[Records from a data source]

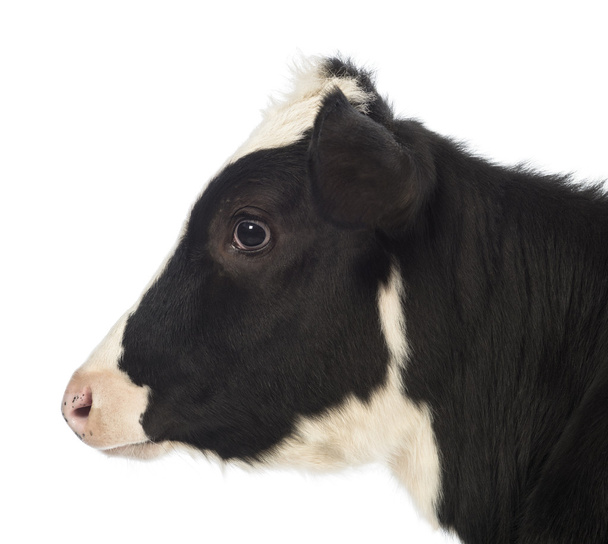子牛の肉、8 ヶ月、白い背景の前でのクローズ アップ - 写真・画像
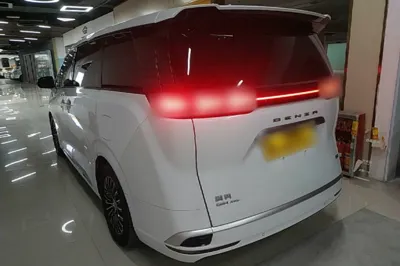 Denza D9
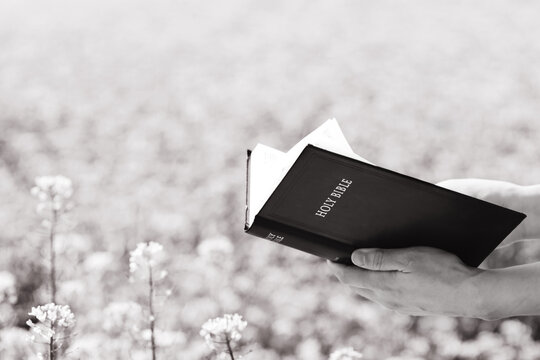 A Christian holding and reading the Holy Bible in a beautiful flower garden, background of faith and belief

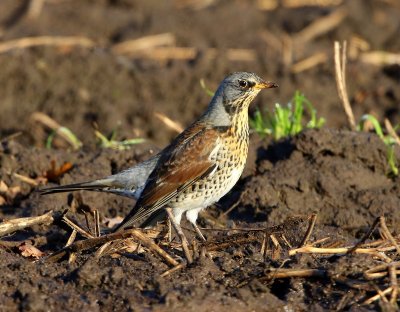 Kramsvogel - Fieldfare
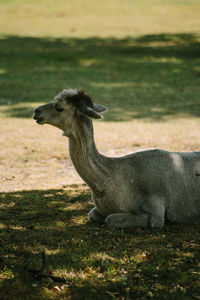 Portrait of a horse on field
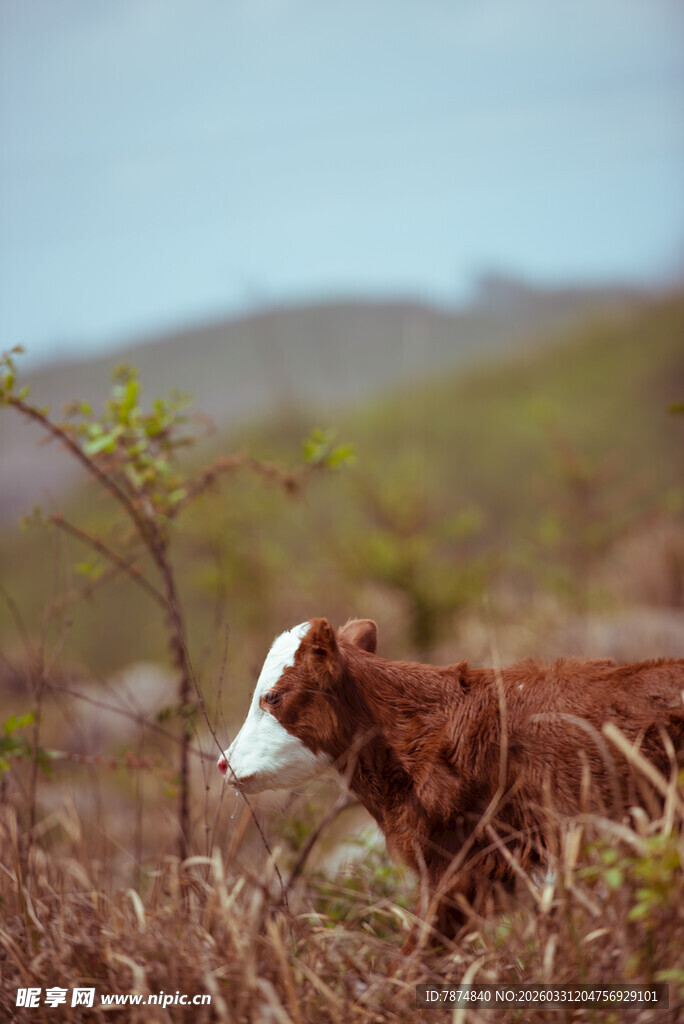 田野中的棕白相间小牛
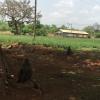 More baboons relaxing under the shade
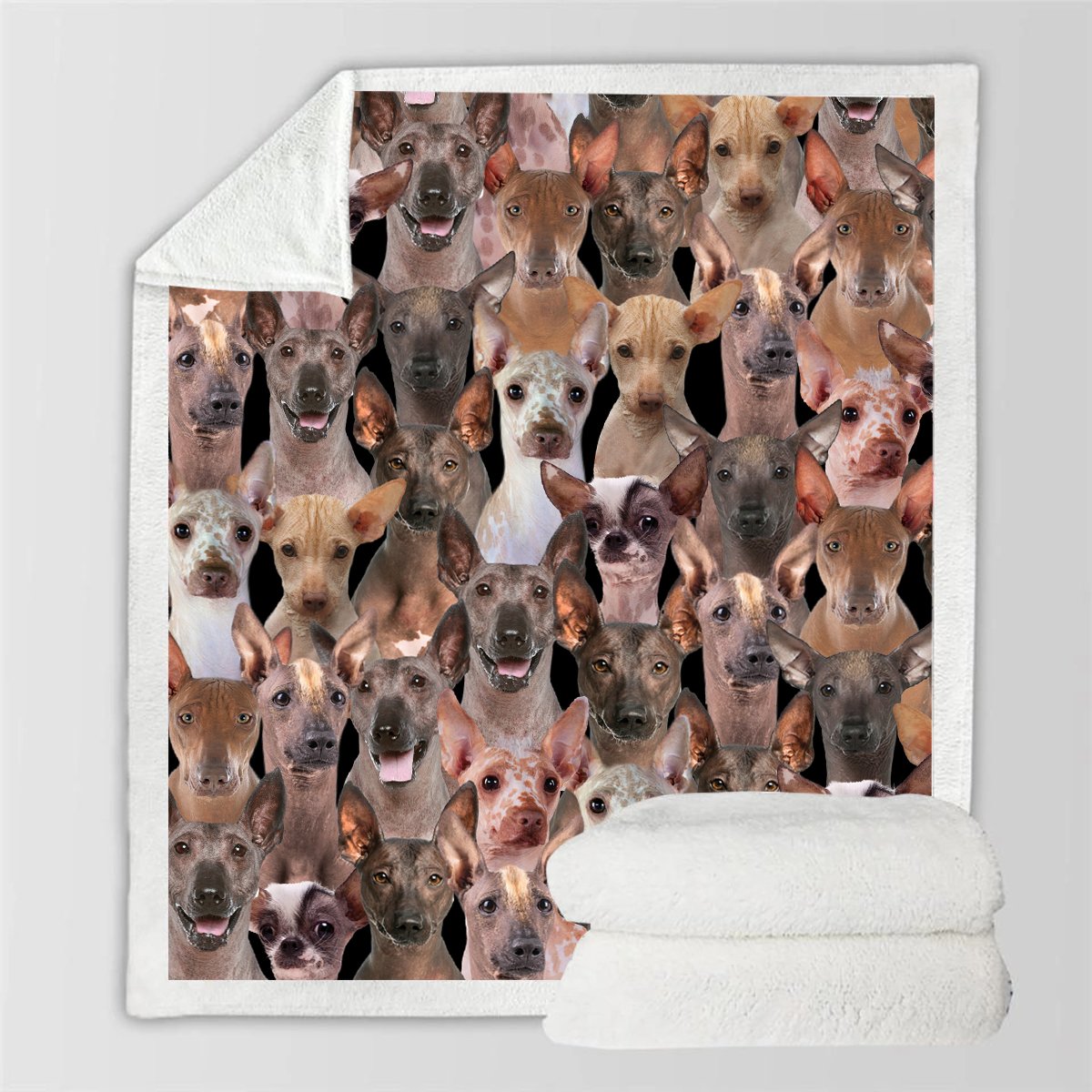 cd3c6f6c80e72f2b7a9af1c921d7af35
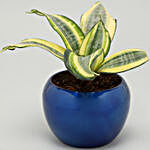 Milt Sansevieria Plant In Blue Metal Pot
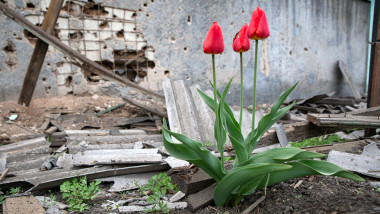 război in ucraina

What the task requires: Every line from the one containing "A Christian holding" through the final line of the records above is to be written out exactly; nothing else, and no pictures.

Answer section:
 A Christian holding and reading the Holy Bible in a beautiful flower garden, background of faith and belief

 Kramsvogel - Fieldfare
 Portrait of a horse on field
 田野中的棕白相间小牛
 More baboons relaxing under the shade
 cd3c6f6c80e72f2b7a9af1c921d7af35
 Milt Sansevieria Plant In Blue Metal Pot
 război in ucraina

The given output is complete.